Day 2: Dunedin / Invercargill / Stewart Island
This morning we set off through the little-visited Catlins, a rugged coastal region that is one of the most sparsely populated areas of New Zealand. Hemmed by a rockbound shoreline, this windswept region holds lush woodlands, a petrified forest, hidden lakes and cascading waterfalls. Large tracts of rain forest are filled with native flora including tree ferns, rata, kahikatea, miro, kamaha and silver beech, while the coastline is defined by stark cliffs, sea caves, rock stacks and sandy bays. Wildlife is plentiful—keep an eye out for seabirds and forest-dwelling birds including tui, bellbird, fantail, native pigeon and the rare mohua, plus New Zealand sea lions, fur seals and Hector's dolphins offshore.
Reaching Invercargill, New Zealand's southernmost city, we board a short flight this afternoon to idyllic Stewart Island, 19 miles offshore, where we spend two nights. Much of this rugged granite island lies within Rakiura National Park, whose Maori name means “Land of Glowing Skies.” Its rain forests shelter many native plants, which we discover on nature walks through the unique habitat. The island is a haven for birds, and we listen for the songs of parakeets and bellbirds. And of course we'll hope to spy the elusive brown kiwi on a guided night walk—Stewart Island is one of the best places in New Zealand to seek them. And if we're very lucky, we might catch a glimpse of the aurora australis in the southern sky.
Day 3: Stewart Island / Ulva Island
On a private boat cruise off Stewart Island this morning, view the multitudes of pelagic seabirds that live and breed in these coastal waters. We expect to see a great variety at close range—albatrosses, shearwaters, prions and several penguin species including yellow-eyed, blue and Fiordland crested. Take an intimate nature walk with a local naturalist who works closely with Stewart Island native and birder extraordinaire Ulva Goodwillie, the namesake of the Ulva Island sanctuary. On Ulva, just a short boat ride away from neighboring Stewart Island, explore pristine trails and beaches, observing rare bird species that no longer exist on the main islands, such as saddleback and yellowhead. Ulva has been carefully managed to be free of invasive predators and pests since 1997, allowing native wildlife to flourish as it did prior to the arrival of introduced species. The small island has also never been logged, offering visitors an immersion in an untouched rain forest that provides shelter for Ulva's healthy bird population.
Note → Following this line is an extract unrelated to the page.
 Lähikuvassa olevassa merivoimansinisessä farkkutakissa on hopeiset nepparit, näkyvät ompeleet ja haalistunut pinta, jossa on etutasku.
Days 4: Te Anau / Fiordland National Park
After a short flight back to the mainland, continue this morning to Te Anau, following the Southern Scenic Route that connects the rugged south coast with the eastern edge of Fiordland National Park. Te Anau is a picturesque village on Lake Te Anau, the largest of New Zealand's southern glacial lakes, and the gateway to the national park. Backdropped by the Kepler and Murchison ranges, most of Lake Te Anau lies within the boundaries of Fiordland National Park and the Te Wahipounamu World Heritage Site. This afternoon we visit Te Anau Bird Sanctuary to see the rare flightless takahe, an endemic bird with blue-black and olive-green plumage and a large red bill. The sanctuary is one of two that have been integral to the success of New Zealand's Takahe Recovery Program, which has pioneered conservation techniques to bring this endangered bird back from the very brink of extinction. As of 2021, about 445 were in existence. The sanctuary is also home to indigenous weka, parakeets, tui, kea, kaka and wood pigeons.
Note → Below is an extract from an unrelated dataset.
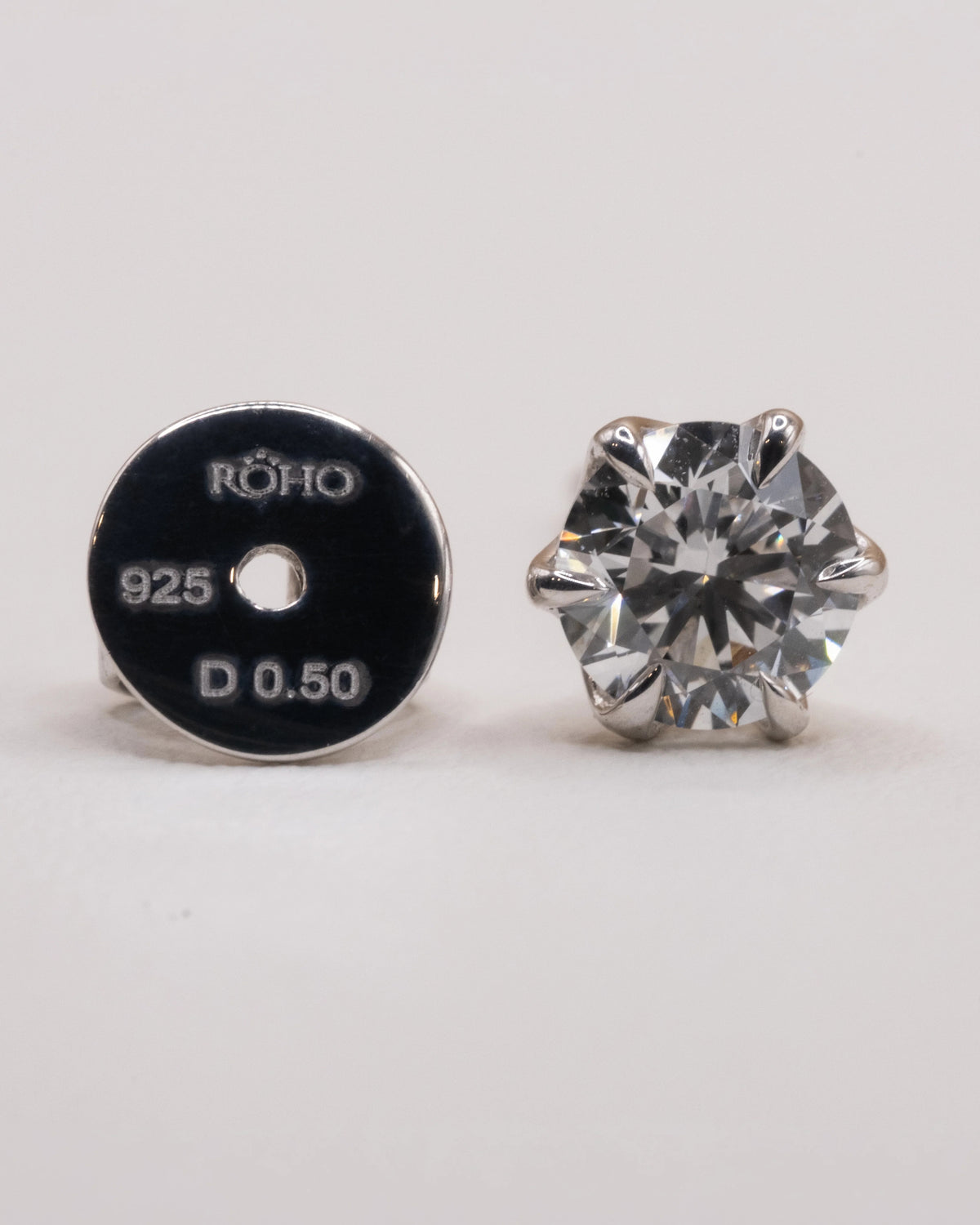 Earring back stamped ROHO 925 D 0.50 beside the white rhodium stud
Day 5: Fiordland / Milford Sound Private Cruise / Wanaka
This morning, one of the world's most scenic drives awaits: follow the winding Milford Road as we travel through Fiordland National Park to the sea. It's no wonder this mythical-looking land of pointed peaks and sheer rock walls, high waterfalls and drifting mists was chosen as one of the main settings for the film adaptation of J.R.R. Tolkien’s The Fellowship of the Ring. Once we reach the head of the fjord that is Milford Sound, we board a private chartered boat for a scenic cruise around this glacier-carved wonderland, with lunch served aboard. As we ply the steep-walled inlets that wind beneath a perpetual cap of snow and ice, watch ribbons of water plummet from above, and look for fur seals, crested penguins and bottlenose dolphins. If we're lucky, the mists will clear enough to reveal pyramid-shaped Mitre Peak rising two-thirds of a mile straight out of the sea. Our naturalist Expedition Leader, an expert on New Zealand wildlife and geography, interprets all we see.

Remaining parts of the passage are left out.